Humans are social creatures. We need communities, friends, peers, and colleagues to help us get through life. Part of our interactions as humans involve comparing ourselves to those around us. This can help us understand our place in the world, set benchmarks to help us see what we can achieve, and help us find commonalities and form connections with others. But what happens when we focus so much on comparing ourselves to others that it consumes our time and energy?
Constant comparisons to those around us often leads to unhealthy and unhelpful emotions and can have a very detrimental effect on our mental health. Often, we look to others who are successful and think about why we don’t have the same success in our lives. We typically compare the strengths of others to our own weaknesses. This is an uneven comparison and can only lead to us feeling worse about ourselves.
This, of course, is all amplified by social media. We are all so connected and are bombarded with images, videos, and the statuses of others. It’s constant. Seeing others put their best forward can lead us to think that everyone else is doing so well, while we might be struggling or not where we want to be in our lives. Of course, these are curated versions of everyone else’s lives, and we don’t see the struggles that others may have to achieve their success. This doesn’t matter in the moment though, because the feelings of inadequacy that we can feel are very real.
So what can we do about this? Here are a few things you can consider if you are feeling like constant comparisons to others are bringing you down or taking up too much of your energy.
1. Firstly, try to practice self-awareness
Stop and think about what you’re feeling when these emotions crop up. Is there something deeper going on that is bothering you about your own life? Is it a feeling of jealousy, and if so, why are you jealous? Ask yourself why several times and try to understand what your emotions are about.
2. Focus on your strengths
Take a bit of time and think about what is really great about you, and what’s really good in your life right now. Things are not perfect; trust me, they aren’t for anyone, but I’m certain there are some positives in your life. What are you good at? What do you enjoy? Go through this exercise and reflect on it. Let it sink in. Be conscious of your strengths and your good qualities.
3. Don’t try to bring others down
If you are feeling jealous or upset over someone else’s success, return to step one and try to understand what is really happening. But don’t get angry or negative. Just stop and accept the success others are having and the happiness they are sharing. Just take a deep breath and move on. It is not worth your energy focusing on negative feelings about others.
4. Take a social media break
Especially if you are really struggling with this, step away from social media for short periods. This is hard, I know, but try it for small periods at a time. Take a two hour break from checking Instagram and do something you enjoy. Make conscious efforts to not check social media throughout the day. The updates will be there when you do check, you won’t miss out. And it will start to give you some space to focus on yourself without those nagging feelings creeping in.
5. Create time for yourself
In step two you identified your own strengths. Give yourself some time to do the things that you are good at and enjoy. This will make you feel good and is much more productive than focusing on how much better others are than you or feeling jealous.

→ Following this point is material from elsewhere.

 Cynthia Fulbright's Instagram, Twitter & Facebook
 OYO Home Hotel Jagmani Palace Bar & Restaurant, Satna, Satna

We need to accept our own strengths and flaws and those of others. Others are better than you at a lot of things. That’s okay — you bring other value. We are all unique and have different things we are good at and different things we struggle with. Your life doesn’t have to be a competition. You are here to learn and grow and share and love, you do not need to be better than anyone else. Try to be at peace with this. This is challenging but worth the effort to work on.
Comparing ourselves to others does serve a purpose, and it’s good to recognize this. But when it starts to interfere with your daily happiness, take a step back and try the steps above. You are in control of how you respond to others’ success and their curated versions of themselves that they share. Take control.